## WORK TASK:
Pictures in the entries below are excluded; copy only the lines from the one containing "Codorníu Ars Collecta" to the one containing "Брюки тренировочные Adidas", both included.
=== MATERIALS PROVIDED ===
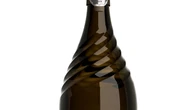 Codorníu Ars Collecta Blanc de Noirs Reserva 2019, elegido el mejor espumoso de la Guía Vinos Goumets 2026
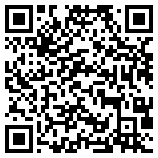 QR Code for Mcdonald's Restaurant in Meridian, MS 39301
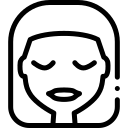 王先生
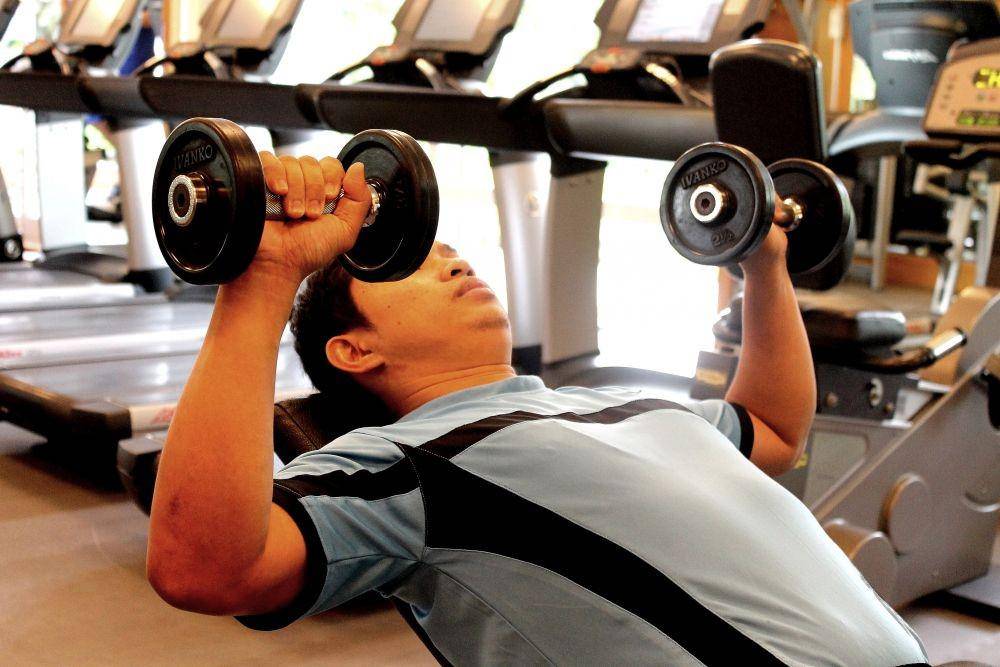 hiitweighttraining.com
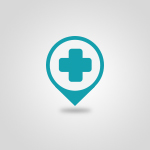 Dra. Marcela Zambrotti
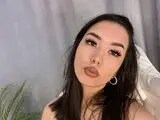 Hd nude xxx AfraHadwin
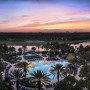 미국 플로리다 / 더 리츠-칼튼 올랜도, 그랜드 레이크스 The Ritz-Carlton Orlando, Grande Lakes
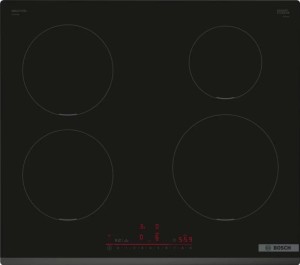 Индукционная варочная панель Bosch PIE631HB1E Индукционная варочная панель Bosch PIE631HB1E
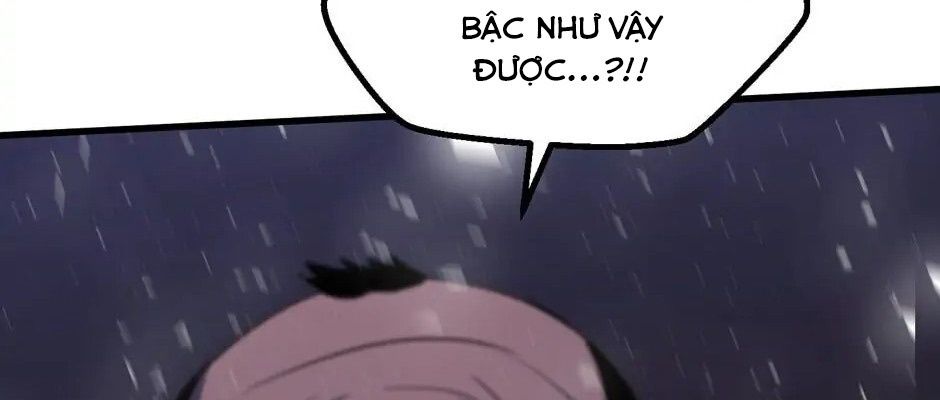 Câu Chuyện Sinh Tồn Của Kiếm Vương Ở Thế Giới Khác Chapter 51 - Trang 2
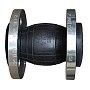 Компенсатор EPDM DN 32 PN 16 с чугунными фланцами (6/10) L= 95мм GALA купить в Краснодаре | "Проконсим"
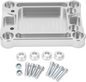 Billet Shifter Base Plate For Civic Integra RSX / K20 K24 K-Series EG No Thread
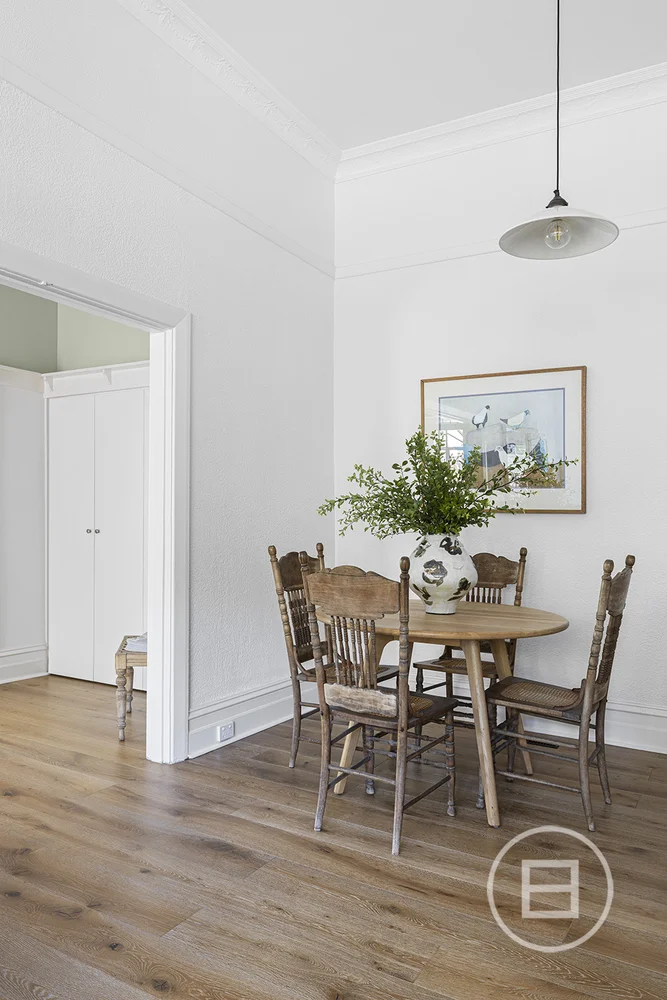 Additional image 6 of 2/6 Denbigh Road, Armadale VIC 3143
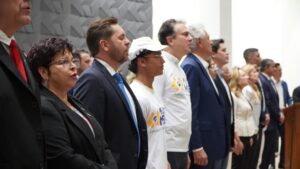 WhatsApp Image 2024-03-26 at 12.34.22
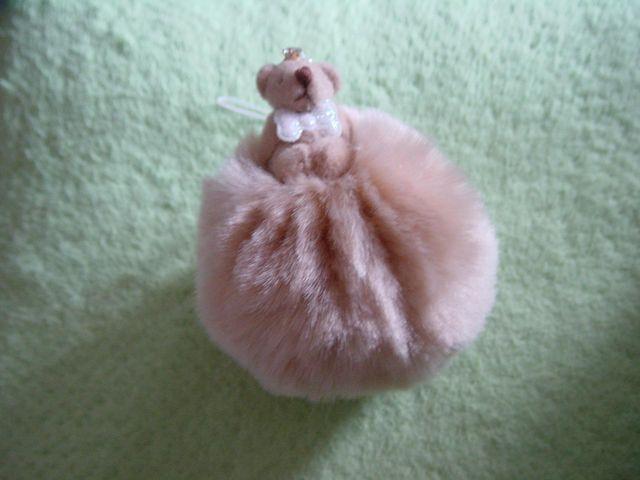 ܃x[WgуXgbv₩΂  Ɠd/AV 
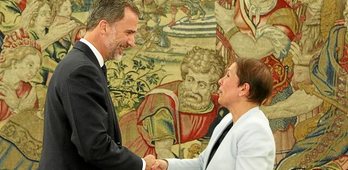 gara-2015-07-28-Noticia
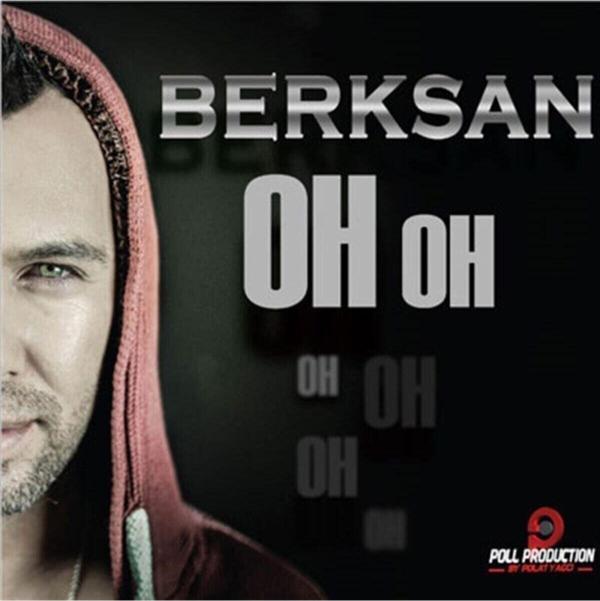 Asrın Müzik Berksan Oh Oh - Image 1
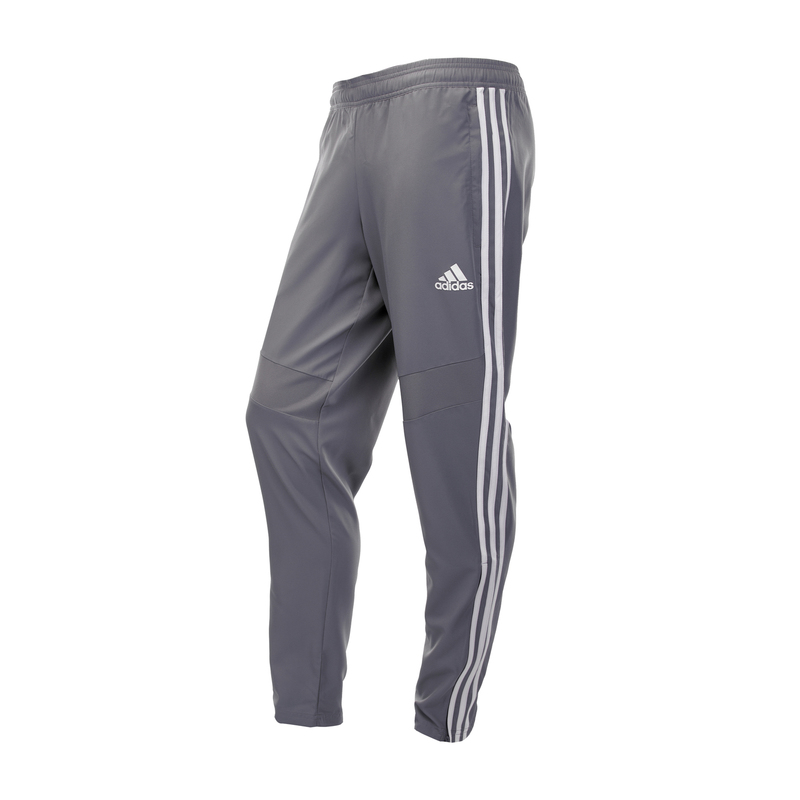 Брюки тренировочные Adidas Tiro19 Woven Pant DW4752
===
=== MATERIALS PROVIDED ===
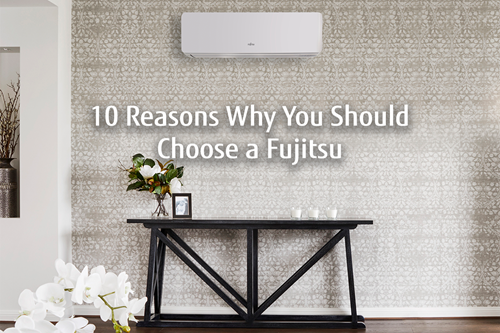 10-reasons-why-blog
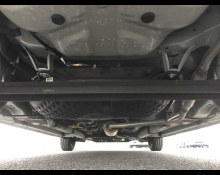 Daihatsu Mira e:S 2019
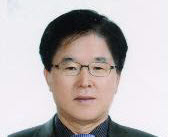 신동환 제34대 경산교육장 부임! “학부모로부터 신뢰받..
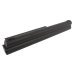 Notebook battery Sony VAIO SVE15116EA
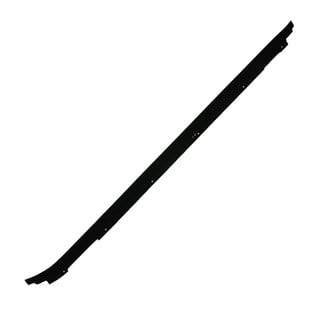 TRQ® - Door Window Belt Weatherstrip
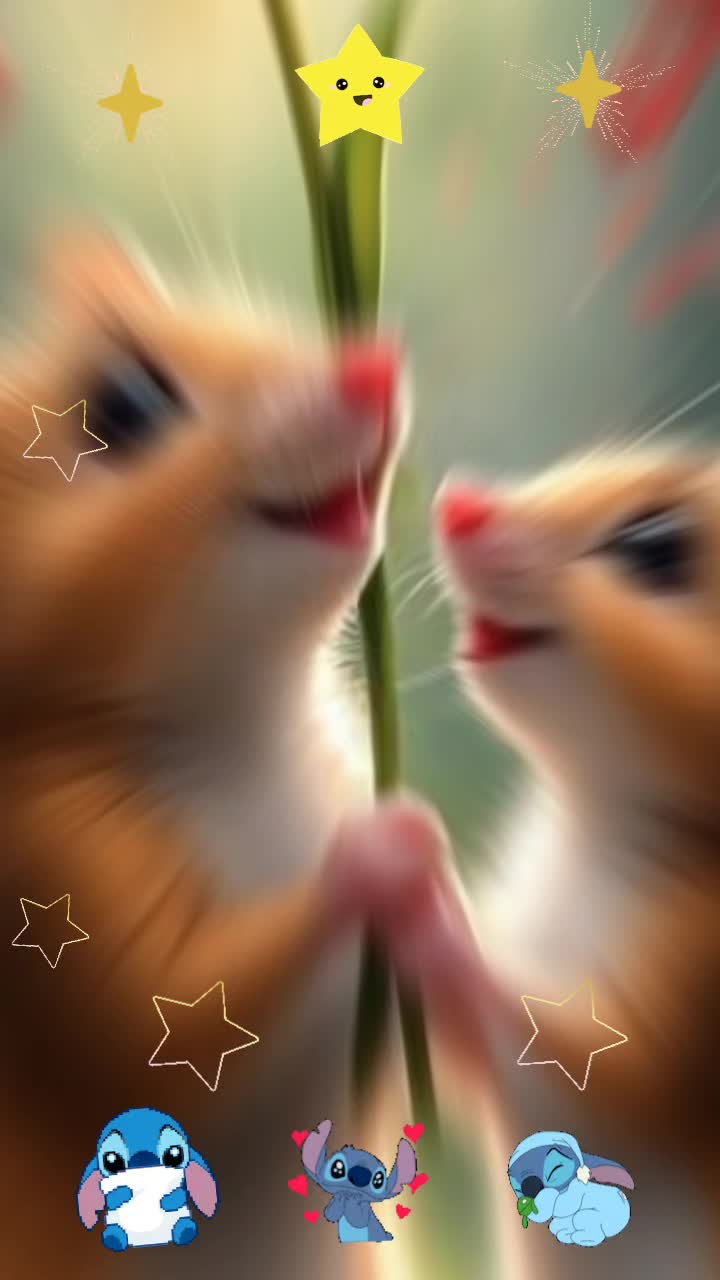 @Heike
===
## RESULT OF THIS EXERCISE:
 Codorníu Ars Collecta Blanc de Noirs Reserva 2019, elegido el mejor espumoso de la Guía Vinos Goumets 2026
 QR Code for Mcdonald's Restaurant in Meridian, MS 39301
 王先生
 hiitweighttraining.com
 Dra. Marcela Zambrotti
 Hd nude xxx AfraHadwin
 미국 플로리다 / 더 리츠-칼튼 올랜도, 그랜드 레이크스 The Ritz-Carlton Orlando, Grande Lakes
 Индукционная варочная панель Bosch PIE631HB1E Индукционная варочная панель Bosch PIE631HB1E
 Câu Chuyện Sinh Tồn Của Kiếm Vương Ở Thế Giới Khác Chapter 51 - Trang 2
 Компенсатор EPDM DN 32 PN 16 с чугунными фланцами (6/10) L= 95мм GALA купить в Краснодаре | "Проконсим"
 Billet Shifter Base Plate For Civic Integra RSX / K20 K24 K-Series EG No Thread
 Additional image 6 of 2/6 Denbigh Road, Armadale VIC 3143
 WhatsApp Image 2024-03-26 at 12.34.22
 ܃x[WgуXgbv₩΂  Ɠd/AV 
 gara-2015-07-28-Noticia
 Asrın Müzik Berksan Oh Oh - Image 1
 Брюки тренировочные Adidas Tiro19 Woven Pant DW4752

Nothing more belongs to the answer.